On nous cite ce fait de deux lanciers qui voulaient à toute force pénétrer dans une maison où s’étaient réfugiés une femme et deux enfants. Deux citoyens, habitants de la maison, se présentèrent aux lanciers, leur enjoignirent de se retirer, les menaçant de défendre l’entrée de la maison et de repousser la force par la force.

De nombreuses arrestations furent opérées ; l’Impartial du Centre dit 43, notre correspondant rapporte 35 hommes et 3 femmes ; une de ces femmes a été arrêtée avec son mari, et les 3 enfants sont seuls à la maison.

Pauvres enfants !

Une autre femme est sur le point d’accoucher, et elle laisse 3 enfants à la garde de son mari, qui a tenté, mais en vain, de la voir.

On lui a répondu qu’il ne la verrait que quand elle aurait été interrogée.

Il ne reste plus aux autorités qu’à s’emparer du mari pour mettre sur le pavé trois nouveaux abandonnés.

On voit que les procédés de l’administration sont partout les mêmes. Le capital tout-puissant doit compter sur le concours de l’armée, pour foudroyer les ouvriers qui osent demander à vivre.

L’administration met tout en œuvre pour défendre les patrons contre cette populace ouvrière, selon l’expression des agents de police du Creuzot.

Cependant de graves symptômes permettent d’espérer que le moment n’est peut-être pas loin où le prolétaire soldat refusera de tuer le prolétaire ouvrier.

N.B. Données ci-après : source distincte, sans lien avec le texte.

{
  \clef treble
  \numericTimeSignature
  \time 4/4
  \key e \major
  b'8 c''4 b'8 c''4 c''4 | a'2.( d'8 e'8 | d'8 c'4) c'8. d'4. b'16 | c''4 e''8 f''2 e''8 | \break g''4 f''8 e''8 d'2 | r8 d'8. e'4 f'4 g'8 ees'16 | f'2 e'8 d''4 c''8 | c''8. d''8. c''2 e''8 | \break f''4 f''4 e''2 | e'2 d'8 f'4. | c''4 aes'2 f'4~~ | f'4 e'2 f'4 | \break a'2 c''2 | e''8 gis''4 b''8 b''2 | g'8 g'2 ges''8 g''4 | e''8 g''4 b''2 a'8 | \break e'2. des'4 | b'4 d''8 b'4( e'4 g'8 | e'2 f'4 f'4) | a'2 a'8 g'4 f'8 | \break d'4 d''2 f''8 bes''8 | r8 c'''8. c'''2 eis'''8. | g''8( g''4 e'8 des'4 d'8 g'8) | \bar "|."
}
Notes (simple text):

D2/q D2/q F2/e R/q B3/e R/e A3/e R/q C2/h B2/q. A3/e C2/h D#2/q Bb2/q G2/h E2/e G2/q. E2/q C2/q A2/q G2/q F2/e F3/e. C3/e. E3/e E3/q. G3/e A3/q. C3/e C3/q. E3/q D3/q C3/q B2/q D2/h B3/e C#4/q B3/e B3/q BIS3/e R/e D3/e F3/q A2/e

Notre correspondant nous affirme que le 12e de ligne, coupable d’avoir fraternisé avec les ouvriers a été éloigné, et remplacé par le 27e, l’ancien 27e qui a donné à Clamecy en 1851. Mais les temps sont changés et le 27e lui-même s’est laissé gagner par les idées de fraternité, car le 12e en s’en allant a emmené six soldats du 27e qui s’étaient rendus coupables du même délit.

Voici quelques lignes de l’Impartial du Centre qui corroborent ces nouvelles :

Vendredi, 10 heures du matin. — La nuit a été calme : les troupes ont été sur pied toute la nuit. Un escadron de lanciers vient de partir pour aller en remplacer un autre. Le préfet et le général sont de retour. Un détachement du 12e a amené six soldats du 27e, accusés d’avoir fraternisé avec les émeutiers. Les gendarmes ont aussi amené un individu accusé d’avoir tiré un coup de fusil sur un soldat.

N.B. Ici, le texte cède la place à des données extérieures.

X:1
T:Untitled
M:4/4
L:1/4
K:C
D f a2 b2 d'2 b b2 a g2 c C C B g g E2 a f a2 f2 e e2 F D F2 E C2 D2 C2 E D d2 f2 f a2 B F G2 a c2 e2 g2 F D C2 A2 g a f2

Tout cela est bien grave et pourtant ce n’est encore que le prélude de la lutte décisive que doivent irrémédiablement se livrer le travail et le capital dans un avenir prochain. Les seigneurs de l’industrie et les hommes de Décembre se donnent la main pour enrayer le mouvement social qui envahit le monde ; aberration, folie !

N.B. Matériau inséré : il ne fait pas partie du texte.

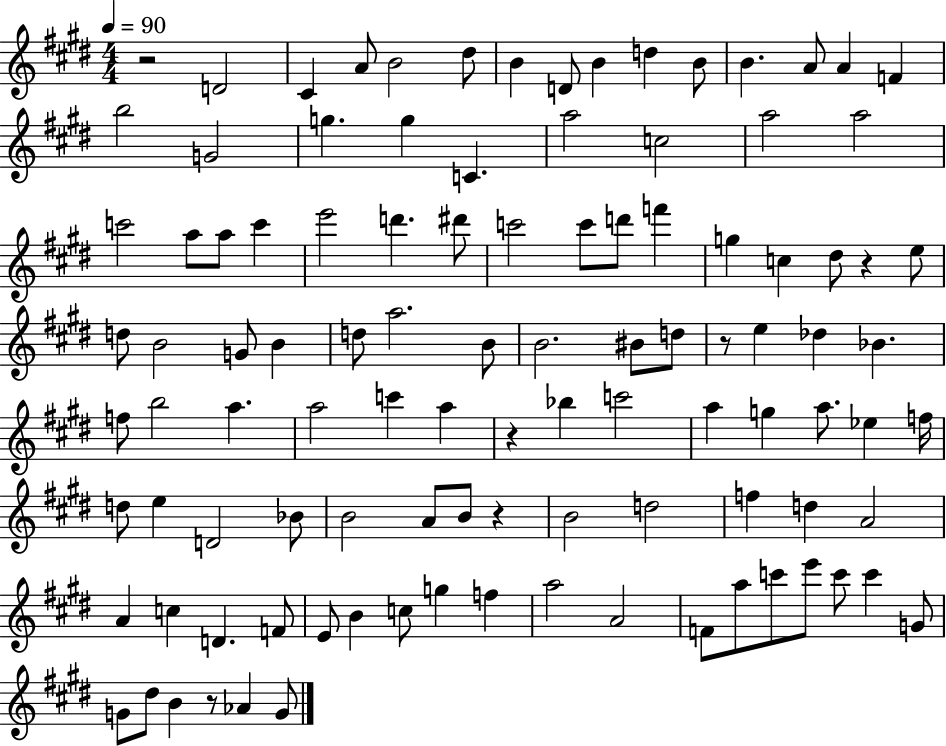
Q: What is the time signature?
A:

Une planche de salut s’est présentée au vieux monde : la participation ou la coopération. Il l’a dédaigneusement repoussée ; tant pis pour lui ! Aujourd’hui, il est trop tard : le travail veut la jouissance intégrale de ses droits. Encore un peu de patience, de calme et de résignation et il aura, à son tour, pleine et entière satisfaction.